Start of Block

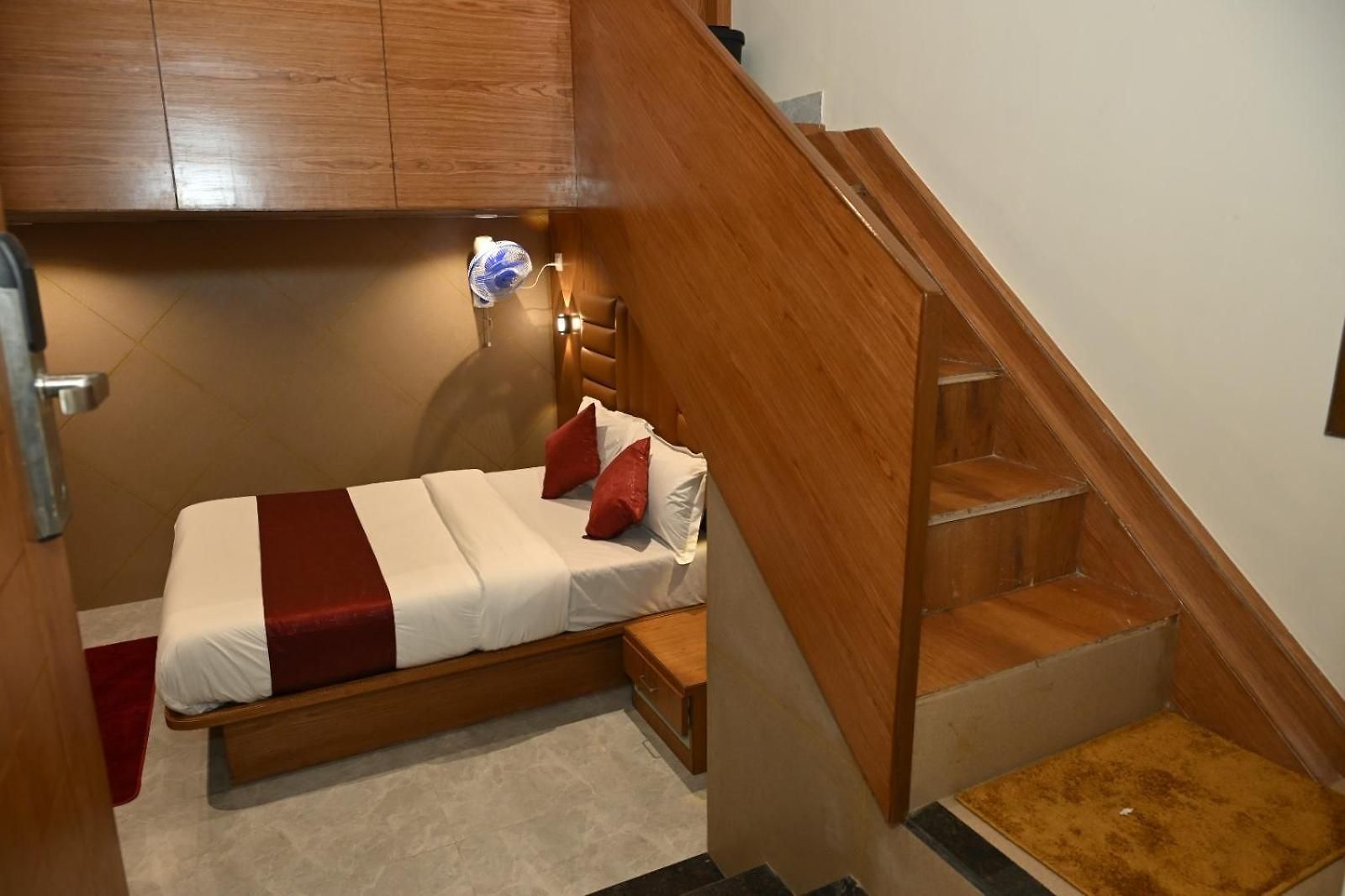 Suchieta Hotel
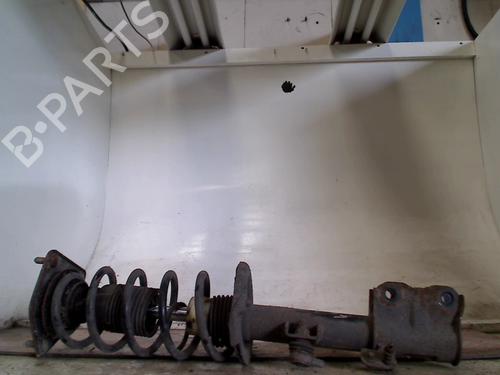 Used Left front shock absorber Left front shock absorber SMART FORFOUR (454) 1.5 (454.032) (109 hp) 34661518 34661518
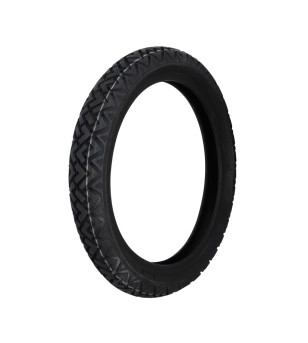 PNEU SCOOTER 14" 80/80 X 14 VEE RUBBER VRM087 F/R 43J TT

End of Block
Start of Block

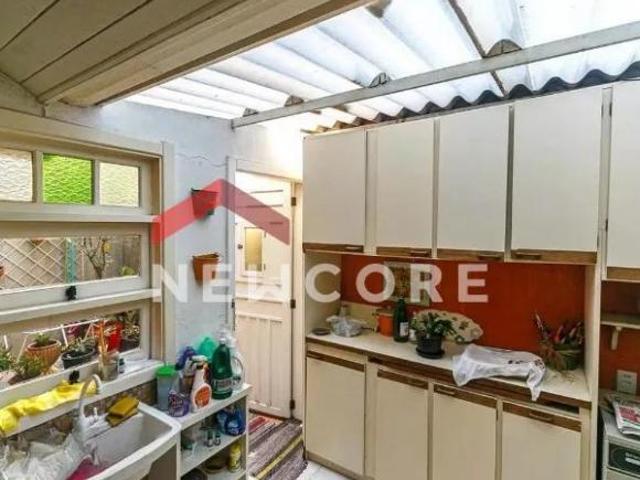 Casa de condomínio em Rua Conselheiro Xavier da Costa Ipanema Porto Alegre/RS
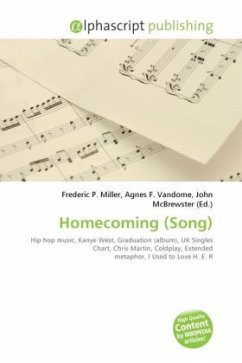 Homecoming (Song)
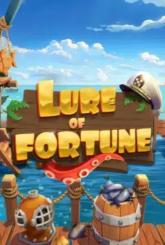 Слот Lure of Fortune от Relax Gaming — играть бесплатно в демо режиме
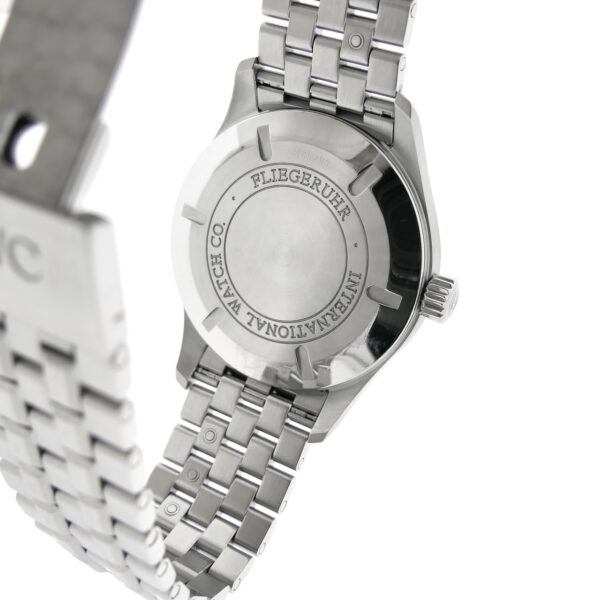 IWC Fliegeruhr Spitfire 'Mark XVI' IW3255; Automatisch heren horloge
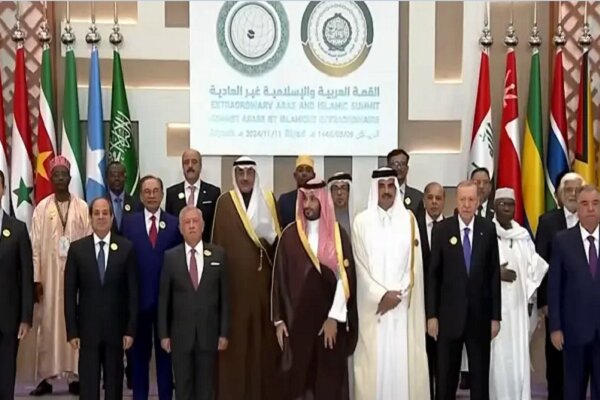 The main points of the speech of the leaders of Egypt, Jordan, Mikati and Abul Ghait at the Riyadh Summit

End of Block

Exercise aim
Quote the data above exactly from the line with "IWC Fliegeruhr Spitfire" to the line with "The main points", both ends counted, and nothing else. Pictures don't go in.

Reply to the exercise
 IWC Fliegeruhr Spitfire 'Mark XVI' IW3255; Automatisch heren horloge
 The main points of the speech of the leaders of Egypt, Jordan, Mikati and Abul Ghait at the Riyadh Summit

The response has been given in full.